» **Data provided**:
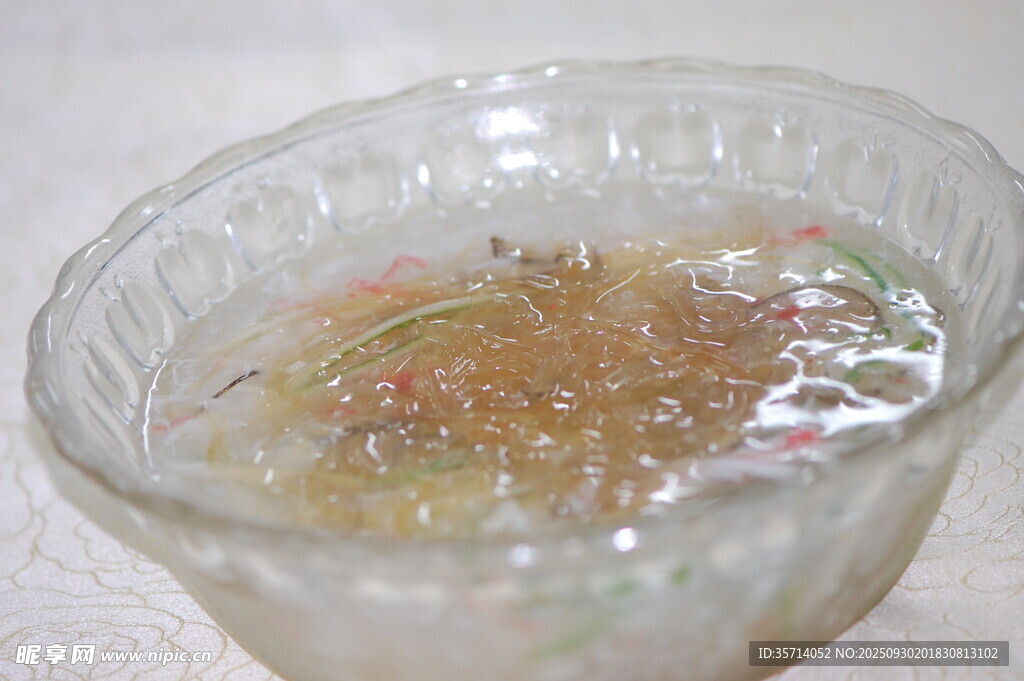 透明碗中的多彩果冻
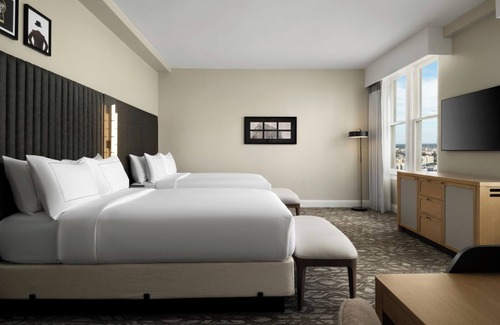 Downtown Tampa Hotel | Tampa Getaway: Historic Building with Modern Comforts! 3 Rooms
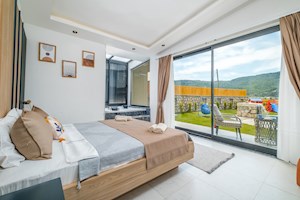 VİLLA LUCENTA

» **What this task involves**:
Nothing but the text is wanted: repeat the data above exactly, without its images.

» **Output for this exercise**:
 透明碗中的多彩果冻
 Downtown Tampa Hotel | Tampa Getaway: Historic Building with Modern Comforts! 3 Rooms
 VİLLA LUCENTA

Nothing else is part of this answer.